PCE Working Group | Q. Wu |
Internet-Draft | D. Dhody |
Intended status: Standards Track | Huawei |
Expires: September 10, 2017 | M. Boucadair |
C. Jacquenet | |
Orange | |
J. Tantsura | |
March 9, 2017 |
PCEP Extensions for Service Function Chaining (SFC)
draft-wu-pce-traffic-steering-sfc-11
This document provides an overview of the usage of Path Computation Element (PCE) to dynamically structure service function chains. Service Function Chaining (SFC) is a technique that is meant to facilitate the dynamic enforcement of differentiated traffic forwarding policies within a domain. Service function chains are composed of an ordered set of elementary Service Functions (such as firewalls, load balancers) that need to be invoked according to the design of a given service. Corresponding traffic is thus forwarded along a Service Function Path (SFP) that can be computed by means of PCE.
This document specifies extensions to the Path Computation Element Protocol (PCEP) that allow a stateful PCE to compute and instantiate Service Function Paths.
This Internet-Draft is submitted in full conformance with the provisions of BCP 78 and BCP 79.
Internet-Drafts are working documents of the Internet Engineering Task Force (IETF). Note that other groups may also distribute working documents as Internet-Drafts. The list of current Internet-Drafts is at http://datatracker.ietf.org/drafts/current/.
Internet-Drafts are draft documents valid for a maximum of six months and may be updated, replaced, or obsoleted by other documents at any time. It is inappropriate to use Internet-Drafts as reference material or to cite them other than as "work in progress."
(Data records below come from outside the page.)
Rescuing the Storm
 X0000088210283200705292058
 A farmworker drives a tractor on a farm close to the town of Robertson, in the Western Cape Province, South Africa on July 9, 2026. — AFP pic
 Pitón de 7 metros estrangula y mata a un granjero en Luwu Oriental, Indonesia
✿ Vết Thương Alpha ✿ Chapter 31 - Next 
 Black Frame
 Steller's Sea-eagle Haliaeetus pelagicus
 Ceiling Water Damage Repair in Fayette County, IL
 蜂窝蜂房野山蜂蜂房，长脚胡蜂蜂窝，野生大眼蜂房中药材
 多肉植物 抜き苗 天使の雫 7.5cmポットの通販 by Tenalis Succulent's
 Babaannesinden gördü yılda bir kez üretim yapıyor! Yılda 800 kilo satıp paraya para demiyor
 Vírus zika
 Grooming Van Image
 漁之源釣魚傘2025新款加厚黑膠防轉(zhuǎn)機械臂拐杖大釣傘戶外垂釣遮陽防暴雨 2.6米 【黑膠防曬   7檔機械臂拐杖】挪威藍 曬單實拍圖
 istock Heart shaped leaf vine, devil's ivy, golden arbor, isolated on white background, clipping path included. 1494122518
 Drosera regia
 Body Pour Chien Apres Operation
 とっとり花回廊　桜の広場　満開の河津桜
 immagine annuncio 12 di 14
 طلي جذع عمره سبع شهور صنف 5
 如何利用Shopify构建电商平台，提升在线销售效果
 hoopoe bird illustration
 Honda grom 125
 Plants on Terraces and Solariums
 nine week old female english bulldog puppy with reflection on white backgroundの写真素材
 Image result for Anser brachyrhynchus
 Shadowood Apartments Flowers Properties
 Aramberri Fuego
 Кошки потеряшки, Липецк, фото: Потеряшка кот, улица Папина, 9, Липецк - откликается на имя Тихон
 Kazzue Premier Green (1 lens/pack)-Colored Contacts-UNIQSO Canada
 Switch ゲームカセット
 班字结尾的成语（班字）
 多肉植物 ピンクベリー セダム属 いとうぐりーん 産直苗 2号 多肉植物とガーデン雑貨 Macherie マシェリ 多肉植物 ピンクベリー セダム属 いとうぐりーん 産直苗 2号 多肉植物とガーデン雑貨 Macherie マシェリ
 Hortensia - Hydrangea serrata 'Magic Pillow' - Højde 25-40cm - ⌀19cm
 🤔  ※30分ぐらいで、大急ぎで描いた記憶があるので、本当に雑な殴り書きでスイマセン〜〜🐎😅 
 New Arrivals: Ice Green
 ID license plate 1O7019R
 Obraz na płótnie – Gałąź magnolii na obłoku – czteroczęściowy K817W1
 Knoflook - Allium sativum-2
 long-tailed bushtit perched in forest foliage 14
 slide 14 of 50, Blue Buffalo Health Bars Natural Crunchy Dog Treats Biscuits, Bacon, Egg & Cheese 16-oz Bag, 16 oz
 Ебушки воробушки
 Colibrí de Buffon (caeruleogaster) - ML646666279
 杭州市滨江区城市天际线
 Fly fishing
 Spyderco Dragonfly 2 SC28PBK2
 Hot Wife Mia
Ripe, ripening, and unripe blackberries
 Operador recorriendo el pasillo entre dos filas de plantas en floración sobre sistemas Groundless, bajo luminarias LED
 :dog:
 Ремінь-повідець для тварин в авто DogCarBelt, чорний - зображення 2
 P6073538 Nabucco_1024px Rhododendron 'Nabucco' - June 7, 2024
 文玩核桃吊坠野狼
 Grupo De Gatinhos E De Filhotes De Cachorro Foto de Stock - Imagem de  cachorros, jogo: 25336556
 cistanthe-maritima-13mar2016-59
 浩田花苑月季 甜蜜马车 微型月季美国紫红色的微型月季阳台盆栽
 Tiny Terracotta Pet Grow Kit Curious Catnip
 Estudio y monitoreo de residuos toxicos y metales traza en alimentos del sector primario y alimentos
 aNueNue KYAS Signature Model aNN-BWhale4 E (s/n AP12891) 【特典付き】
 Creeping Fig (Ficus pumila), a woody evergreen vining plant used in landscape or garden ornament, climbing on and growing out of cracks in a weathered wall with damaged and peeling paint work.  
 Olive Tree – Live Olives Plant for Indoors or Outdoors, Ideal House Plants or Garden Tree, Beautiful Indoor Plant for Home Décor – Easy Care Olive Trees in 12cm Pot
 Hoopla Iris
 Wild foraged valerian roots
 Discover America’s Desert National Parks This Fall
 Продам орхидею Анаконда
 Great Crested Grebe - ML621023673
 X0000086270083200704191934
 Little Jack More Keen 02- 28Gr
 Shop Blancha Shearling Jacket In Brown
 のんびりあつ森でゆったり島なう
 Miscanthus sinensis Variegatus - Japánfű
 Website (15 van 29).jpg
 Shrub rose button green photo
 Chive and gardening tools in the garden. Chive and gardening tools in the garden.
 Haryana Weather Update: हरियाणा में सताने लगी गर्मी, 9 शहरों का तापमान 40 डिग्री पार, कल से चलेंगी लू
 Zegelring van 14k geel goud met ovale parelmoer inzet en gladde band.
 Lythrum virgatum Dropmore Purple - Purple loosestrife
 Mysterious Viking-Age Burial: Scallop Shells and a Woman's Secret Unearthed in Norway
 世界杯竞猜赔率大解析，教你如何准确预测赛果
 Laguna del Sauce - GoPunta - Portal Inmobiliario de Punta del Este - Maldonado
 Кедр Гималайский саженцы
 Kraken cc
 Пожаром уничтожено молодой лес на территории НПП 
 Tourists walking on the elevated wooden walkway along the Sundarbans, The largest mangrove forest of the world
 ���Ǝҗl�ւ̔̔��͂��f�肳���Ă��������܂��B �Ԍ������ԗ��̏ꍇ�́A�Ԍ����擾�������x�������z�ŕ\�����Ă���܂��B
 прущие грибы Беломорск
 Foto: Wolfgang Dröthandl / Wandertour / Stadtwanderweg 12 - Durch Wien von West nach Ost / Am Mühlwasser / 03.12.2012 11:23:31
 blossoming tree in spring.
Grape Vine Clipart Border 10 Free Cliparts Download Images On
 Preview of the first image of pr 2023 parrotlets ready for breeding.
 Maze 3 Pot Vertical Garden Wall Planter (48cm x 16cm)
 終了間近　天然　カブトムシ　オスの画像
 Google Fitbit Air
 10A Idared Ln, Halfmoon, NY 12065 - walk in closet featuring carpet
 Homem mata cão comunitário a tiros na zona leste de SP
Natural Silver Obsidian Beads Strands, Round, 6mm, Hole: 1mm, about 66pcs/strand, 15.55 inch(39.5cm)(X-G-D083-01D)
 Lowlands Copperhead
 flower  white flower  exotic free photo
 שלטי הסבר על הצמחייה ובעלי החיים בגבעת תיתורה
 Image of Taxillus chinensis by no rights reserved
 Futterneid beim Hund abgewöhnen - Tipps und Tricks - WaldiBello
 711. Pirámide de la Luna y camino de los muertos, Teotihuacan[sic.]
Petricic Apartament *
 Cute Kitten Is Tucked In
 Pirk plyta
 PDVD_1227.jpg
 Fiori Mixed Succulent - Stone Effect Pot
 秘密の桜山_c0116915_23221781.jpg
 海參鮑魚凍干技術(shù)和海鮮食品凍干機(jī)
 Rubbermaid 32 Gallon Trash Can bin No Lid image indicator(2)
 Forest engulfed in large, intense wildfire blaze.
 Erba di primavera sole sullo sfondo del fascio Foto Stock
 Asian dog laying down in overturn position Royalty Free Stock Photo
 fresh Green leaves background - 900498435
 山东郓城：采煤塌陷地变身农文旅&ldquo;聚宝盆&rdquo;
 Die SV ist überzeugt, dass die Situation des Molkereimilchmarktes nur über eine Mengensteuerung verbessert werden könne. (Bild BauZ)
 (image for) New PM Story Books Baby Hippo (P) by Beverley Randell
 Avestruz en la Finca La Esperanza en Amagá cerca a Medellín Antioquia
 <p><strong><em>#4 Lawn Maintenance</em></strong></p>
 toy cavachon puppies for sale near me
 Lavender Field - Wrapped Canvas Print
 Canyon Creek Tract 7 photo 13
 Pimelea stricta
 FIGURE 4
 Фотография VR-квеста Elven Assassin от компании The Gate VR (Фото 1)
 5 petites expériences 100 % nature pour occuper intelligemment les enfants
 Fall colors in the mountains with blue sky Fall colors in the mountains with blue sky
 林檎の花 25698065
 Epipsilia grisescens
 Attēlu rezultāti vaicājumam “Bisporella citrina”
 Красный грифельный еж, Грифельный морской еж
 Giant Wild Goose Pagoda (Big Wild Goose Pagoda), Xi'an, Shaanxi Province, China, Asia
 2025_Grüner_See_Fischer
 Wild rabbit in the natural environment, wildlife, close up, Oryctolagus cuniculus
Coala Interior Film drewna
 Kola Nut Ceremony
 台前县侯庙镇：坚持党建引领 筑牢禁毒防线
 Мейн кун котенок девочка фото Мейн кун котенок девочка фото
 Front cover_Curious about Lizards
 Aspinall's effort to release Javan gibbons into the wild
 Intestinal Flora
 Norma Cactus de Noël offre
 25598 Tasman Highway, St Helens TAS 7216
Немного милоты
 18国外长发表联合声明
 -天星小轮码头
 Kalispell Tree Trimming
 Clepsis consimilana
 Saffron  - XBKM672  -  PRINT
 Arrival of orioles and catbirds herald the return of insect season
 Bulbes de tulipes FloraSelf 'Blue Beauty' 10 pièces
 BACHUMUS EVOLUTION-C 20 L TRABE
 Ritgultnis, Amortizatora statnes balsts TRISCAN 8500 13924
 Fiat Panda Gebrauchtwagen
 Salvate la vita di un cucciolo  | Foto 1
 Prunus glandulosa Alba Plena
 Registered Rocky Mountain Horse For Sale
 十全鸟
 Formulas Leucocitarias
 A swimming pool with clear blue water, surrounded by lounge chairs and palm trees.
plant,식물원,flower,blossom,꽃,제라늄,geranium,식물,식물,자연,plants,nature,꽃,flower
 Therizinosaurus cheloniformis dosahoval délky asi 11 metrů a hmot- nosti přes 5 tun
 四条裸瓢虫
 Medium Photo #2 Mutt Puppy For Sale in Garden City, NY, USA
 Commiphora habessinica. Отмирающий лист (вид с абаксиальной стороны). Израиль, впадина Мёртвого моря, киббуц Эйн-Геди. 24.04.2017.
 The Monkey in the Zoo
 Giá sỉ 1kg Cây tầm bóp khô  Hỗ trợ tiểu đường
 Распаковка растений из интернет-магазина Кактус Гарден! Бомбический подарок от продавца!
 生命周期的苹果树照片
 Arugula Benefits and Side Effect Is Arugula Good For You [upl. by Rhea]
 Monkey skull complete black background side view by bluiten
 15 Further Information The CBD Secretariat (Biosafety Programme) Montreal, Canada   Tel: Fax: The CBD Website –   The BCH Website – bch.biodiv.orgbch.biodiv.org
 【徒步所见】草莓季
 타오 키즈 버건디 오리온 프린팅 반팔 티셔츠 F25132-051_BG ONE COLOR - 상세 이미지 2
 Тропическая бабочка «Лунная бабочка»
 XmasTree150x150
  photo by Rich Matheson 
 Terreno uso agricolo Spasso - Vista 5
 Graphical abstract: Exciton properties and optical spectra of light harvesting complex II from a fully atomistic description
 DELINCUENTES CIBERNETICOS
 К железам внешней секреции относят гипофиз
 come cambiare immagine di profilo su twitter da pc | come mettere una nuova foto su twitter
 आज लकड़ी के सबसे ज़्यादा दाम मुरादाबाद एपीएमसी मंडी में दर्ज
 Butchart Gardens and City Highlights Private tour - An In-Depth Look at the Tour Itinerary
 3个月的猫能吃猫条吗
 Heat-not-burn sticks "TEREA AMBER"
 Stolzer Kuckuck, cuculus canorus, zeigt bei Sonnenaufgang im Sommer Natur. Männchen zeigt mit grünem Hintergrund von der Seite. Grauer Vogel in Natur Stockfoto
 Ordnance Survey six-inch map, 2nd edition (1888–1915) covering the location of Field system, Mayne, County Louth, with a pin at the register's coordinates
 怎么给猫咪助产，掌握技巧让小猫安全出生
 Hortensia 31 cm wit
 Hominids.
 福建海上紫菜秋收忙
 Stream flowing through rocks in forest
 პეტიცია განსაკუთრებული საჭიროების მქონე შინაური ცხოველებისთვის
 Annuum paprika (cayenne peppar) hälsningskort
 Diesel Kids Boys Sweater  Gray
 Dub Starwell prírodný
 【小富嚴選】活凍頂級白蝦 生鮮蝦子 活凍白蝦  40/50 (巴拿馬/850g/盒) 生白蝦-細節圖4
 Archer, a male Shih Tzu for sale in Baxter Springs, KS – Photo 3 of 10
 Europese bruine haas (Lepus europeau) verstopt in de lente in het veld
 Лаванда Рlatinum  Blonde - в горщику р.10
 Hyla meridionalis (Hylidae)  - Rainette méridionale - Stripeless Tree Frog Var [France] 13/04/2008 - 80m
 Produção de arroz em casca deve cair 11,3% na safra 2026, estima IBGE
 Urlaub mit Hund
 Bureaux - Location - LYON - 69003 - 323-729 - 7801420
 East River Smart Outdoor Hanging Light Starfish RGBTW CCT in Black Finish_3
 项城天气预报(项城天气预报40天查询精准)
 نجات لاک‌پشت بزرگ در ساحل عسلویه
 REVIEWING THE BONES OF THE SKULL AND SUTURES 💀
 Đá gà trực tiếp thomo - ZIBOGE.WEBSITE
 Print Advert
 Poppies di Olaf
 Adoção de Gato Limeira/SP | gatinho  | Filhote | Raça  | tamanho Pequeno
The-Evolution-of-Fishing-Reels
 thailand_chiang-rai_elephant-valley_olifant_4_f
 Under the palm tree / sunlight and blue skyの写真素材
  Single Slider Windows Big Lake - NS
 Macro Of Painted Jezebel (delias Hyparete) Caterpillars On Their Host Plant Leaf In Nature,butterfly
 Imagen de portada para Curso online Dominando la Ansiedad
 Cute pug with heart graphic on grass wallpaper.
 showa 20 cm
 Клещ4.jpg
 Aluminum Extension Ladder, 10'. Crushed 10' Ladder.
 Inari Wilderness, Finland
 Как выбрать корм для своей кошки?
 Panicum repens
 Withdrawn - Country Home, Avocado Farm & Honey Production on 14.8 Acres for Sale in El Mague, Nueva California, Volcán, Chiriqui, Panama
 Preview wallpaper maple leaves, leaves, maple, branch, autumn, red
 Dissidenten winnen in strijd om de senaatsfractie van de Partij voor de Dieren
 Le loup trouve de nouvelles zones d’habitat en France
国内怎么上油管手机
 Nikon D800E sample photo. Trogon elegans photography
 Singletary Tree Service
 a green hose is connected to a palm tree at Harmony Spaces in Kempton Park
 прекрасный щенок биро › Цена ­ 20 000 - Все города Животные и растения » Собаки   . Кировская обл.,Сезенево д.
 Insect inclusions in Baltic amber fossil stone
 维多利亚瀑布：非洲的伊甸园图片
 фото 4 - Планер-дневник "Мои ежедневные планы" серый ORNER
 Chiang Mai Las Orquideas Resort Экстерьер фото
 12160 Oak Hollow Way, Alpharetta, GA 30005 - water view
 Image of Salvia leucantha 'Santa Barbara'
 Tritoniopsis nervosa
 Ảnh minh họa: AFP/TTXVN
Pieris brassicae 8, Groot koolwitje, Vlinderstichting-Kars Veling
This Internet-Draft will expire on September 10, 2017.
Copyright (c) 2017 IETF Trust and the persons identified as the document authors. All rights reserved.
This document is subject to BCP 78 and the IETF Trust's Legal Provisions Relating to IETF Documents (http://trustee.ietf.org/license-info) in effect on the date of publication of this document. Please review these documents carefully, as they describe your rights and restrictions with respect to this document. Code Components extracted from this document must include Simplified BSD License text as described in Section 4.e of the Trust Legal Provisions and are provided without warranty as described in the Simplified BSD License.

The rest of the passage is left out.